Even coal industry executives and coal country politicians have dialed down their rhetoric in recent months, according to the report. Robert Murray, CEO of Murray Energy and a Trump supporter, urged him to set more modest goals during the campaign and has warned post-election that there is little chance U.S. production can return to pre-recession levels.

Senate Majority Leader Mitch McConnell (R) also cautioned?—?after the election?—?that ending the “war on coal” might not bring jobs back to his home state of Kentucky.

The Columbia University report isn’t the first to rain on Trump’s coal parade. In a report released earlier this year, Bloomberg New Energy Finance emphasized U.S. coal’s main problem “has been cheap natural gas and renewable power, not a politically driven ‘war on coal.’”

But words of caution haven’t stopped Trump from waging a crusade for coal. Two weeks into his presidency, Trump signed a congressional joint resolution eliminating the Department of the Interior’s Stream Protection Rule finalized in 2016 by the Obama Administration that would have limited the amount of mining waste coal companies can dispose into streams and waterways. In late March, Trump signed the executive order that called on the EPA to “review” the Clean Power Plan, the agency’s carbon-reduction plan for new power plants.

“Many of these actions will take months for agencies to implement and will be challenged in the courts.

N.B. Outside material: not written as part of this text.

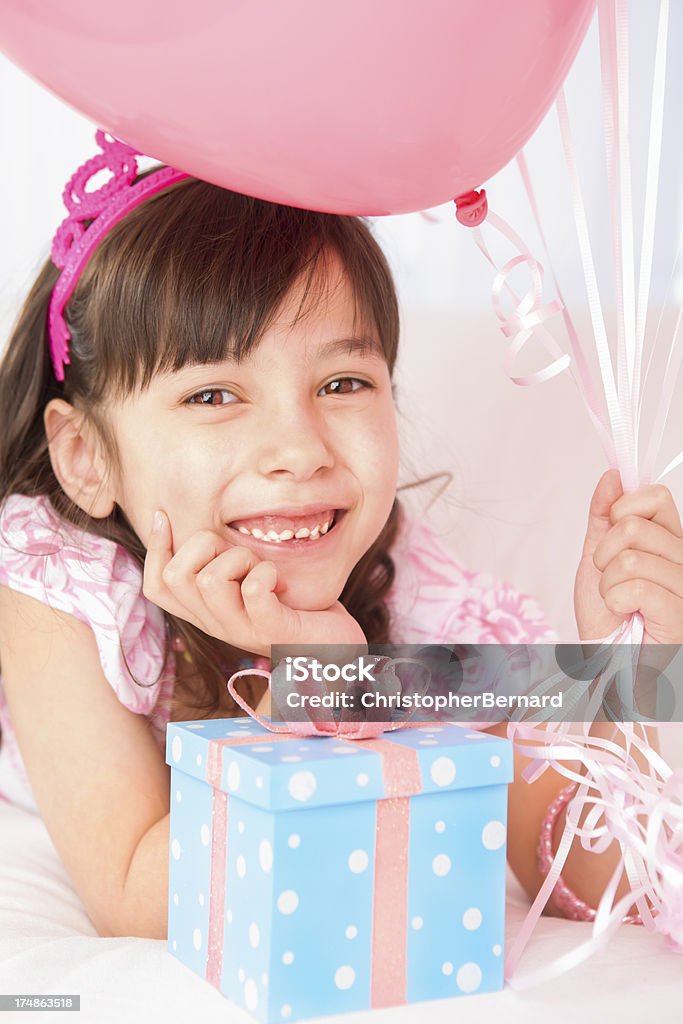 Aniversário Menina segurando balões e uma oferta - Royalty-free 6-7 Anos Foto de stock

But they are clearly designed to communicate Trump’s commitment to deliver on his campaign promises,” the Columbia University report said. “Indeed, he signed his March 28 [order] at the EPA in front of a group of coal miners, and after signing, turned to them and said, ‘C’mon fellas. You know what this is? You know what this says? You are going back to work.’”

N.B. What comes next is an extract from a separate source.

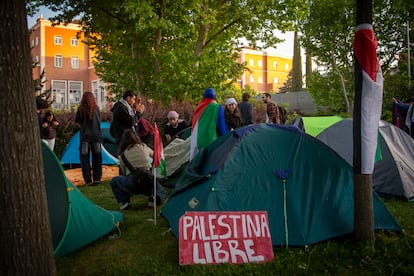 Una de las 60 carpas que se instalaron en la primera noche de la acampada universitaria por Palestina en Madrid.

In the report’s best-case scenario for coal that the authors modeled, U.S. production would see only a modest recovery to 2013 levels at just under 1 billion tons a year. In its worst-case scenario, consumption falls from 730 million short tons in 2016 to 688 million short tons in 2020 despite Trump’s aggressive rollback of Obama administration climate regulations.

Rather than bet on a recovery in coal production, coal communities, governments, and other private and public sector organizations should work together to “leverage the other assets” that exist in coal country to attract investment in new sources of job creation and economic growth, the study said.

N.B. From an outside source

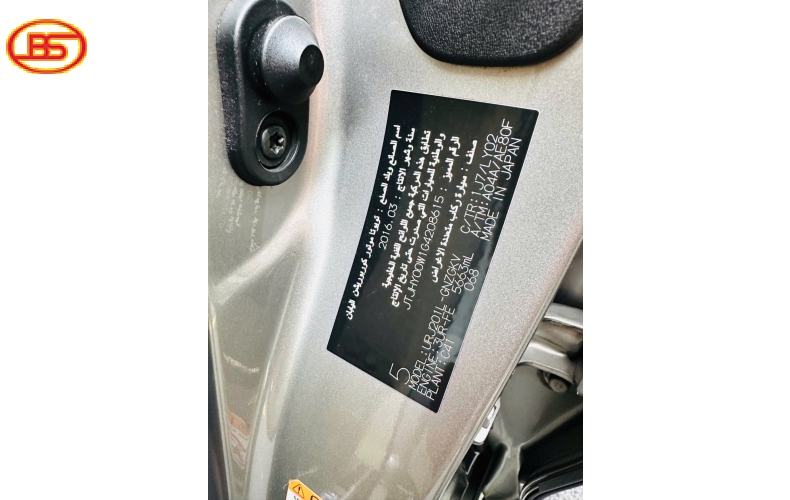 Siêu phẩm LX570 2016 màu Ghi Xám với odo 140.000km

“This certainly isn’t easy,” the authors wrote. “Coal communities in particular are often geographically remote and lack the infrastructure necessary to attract large-scale investment. Miners and others in the local labor market often lack the skills necessary for jobs that offer the kind of compensation available in coal mining.”

The federal government could offer plenty of help to accelerate locally driven economic diversification efforts, according to the report. Infrastructure investment, tax credits, and re-purposing of abandoned mine land that has other economic use can attract new investment and job creation, it says.

“But this all requires a clear-eyed assessment of the outlook for the coal industry and a commitment to put sustainable solutions ahead of politically expedient talking points,” the report says.